Source of document.referrer

When the browser requests page A from the server, it will send an HTTP request. The Referer attribute will be included in the header of this request. After the server receives the request, it can extract the Referer in the header to determine which page the visitor initiated the request from.

Generally, what is the Referer in the header sent when the browser requests A, then what is the value of document.referre after getting the A page. The picture above is a header requesting page A. The document.referre of A is http://localhost/Test/b.html.

If Referre is not included in the Header, it will be assigned an empty string when using document.referre.

About HTTPS requests

If you click an HTTPS link on an ordinary HTTP page, you can attach Referer information to the https request header, and then you can still use document.referre on the HTTPS page to get an ordinary http page.

Similarly, if you click on another HTTPS link on an https page, you can attach Referer information to the request header.

But if you click an http link from an https page, then unfortunately, the http request header sent cannot contain information about the https page.

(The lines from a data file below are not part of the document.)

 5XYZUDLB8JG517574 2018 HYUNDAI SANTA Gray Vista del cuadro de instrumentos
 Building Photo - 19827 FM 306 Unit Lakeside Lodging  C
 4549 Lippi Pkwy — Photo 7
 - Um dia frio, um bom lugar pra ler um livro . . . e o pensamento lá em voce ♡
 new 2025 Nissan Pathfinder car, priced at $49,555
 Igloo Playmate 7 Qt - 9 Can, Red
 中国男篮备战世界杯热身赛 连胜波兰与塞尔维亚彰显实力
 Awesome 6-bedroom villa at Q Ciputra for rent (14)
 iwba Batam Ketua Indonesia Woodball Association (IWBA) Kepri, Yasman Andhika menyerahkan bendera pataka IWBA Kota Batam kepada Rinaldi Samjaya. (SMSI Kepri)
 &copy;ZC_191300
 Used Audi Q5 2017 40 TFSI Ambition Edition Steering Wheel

This may be due to a protection measure for the https page.

Fake Referer information

According to the above description, document.referre originates from the Referer in Header. So if you want to modify the value of document.referre, theoretically, you only need to modify the request header. You can replace the existing Referer in the Header with the value you want, or add a Referer if it does not exist originally.

On the client side, tampering with the Header is very easy. Before a page's http request is sent out, you can use a packet interception tool to intercept it, then analyze the header information and modify the Referre.

After searching, I found that you can use the RefControl plug-in for FireFox to easily modify it. In short, spoofing traffic sources is a piece of cake.

Page Forced Refresh

Not long after I finished writing, I discovered that I had missed a way to jump to the page, that is, to force the specified page to refresh in the meta tag in html. For example, write
in b.html

Copy code The code is as follows:

After 5 seconds, the browser will automatically initiate a page request to the server.

After testing, in IE8 and FF3.6-FF4.0, there is no Referer information, but Chrome can accidentally add b.html as a Referer to the header.